Stored data:
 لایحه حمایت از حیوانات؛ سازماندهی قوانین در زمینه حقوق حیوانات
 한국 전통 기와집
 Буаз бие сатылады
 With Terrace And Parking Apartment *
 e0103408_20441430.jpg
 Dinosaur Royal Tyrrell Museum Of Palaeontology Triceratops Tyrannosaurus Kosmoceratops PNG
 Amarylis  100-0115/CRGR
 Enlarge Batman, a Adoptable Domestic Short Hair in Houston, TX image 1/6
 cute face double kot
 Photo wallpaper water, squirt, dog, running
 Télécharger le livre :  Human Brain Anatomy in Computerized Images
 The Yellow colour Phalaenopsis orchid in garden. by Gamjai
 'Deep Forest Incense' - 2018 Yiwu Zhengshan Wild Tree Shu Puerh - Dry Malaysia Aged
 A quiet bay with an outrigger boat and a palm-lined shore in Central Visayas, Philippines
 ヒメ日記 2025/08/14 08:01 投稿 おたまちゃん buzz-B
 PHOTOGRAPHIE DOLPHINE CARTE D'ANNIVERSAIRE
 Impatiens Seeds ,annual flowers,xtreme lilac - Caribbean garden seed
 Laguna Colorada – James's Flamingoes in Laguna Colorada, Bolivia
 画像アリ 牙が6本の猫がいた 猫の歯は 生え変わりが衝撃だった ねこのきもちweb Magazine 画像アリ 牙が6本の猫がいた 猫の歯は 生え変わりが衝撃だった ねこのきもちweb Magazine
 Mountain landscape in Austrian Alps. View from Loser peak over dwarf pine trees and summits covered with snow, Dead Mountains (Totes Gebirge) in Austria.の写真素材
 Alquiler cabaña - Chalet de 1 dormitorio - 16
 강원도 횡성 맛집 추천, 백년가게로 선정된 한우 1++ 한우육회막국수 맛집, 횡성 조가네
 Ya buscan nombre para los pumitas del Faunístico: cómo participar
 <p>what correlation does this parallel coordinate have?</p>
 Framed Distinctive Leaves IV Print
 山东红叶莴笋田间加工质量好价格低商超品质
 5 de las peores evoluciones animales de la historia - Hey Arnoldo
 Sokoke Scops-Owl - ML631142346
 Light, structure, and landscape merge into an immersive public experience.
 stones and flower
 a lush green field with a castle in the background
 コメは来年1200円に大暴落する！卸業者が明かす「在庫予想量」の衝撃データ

* _What to produce_: Exactly as they appear, retype the lines from the start of the records through the line containing "Dinosaur Royal Tyrrell".

* _Solved problem_:
 لایحه حمایت از حیوانات؛ سازماندهی قوانین در زمینه حقوق حیوانات
 한국 전통 기와집
 Буаз бие сатылады
 With Terrace And Parking Apartment *
 e0103408_20441430.jpg
 Dinosaur Royal Tyrrell Museum Of Palaeontology Triceratops Tyrannosaurus Kosmoceratops PNG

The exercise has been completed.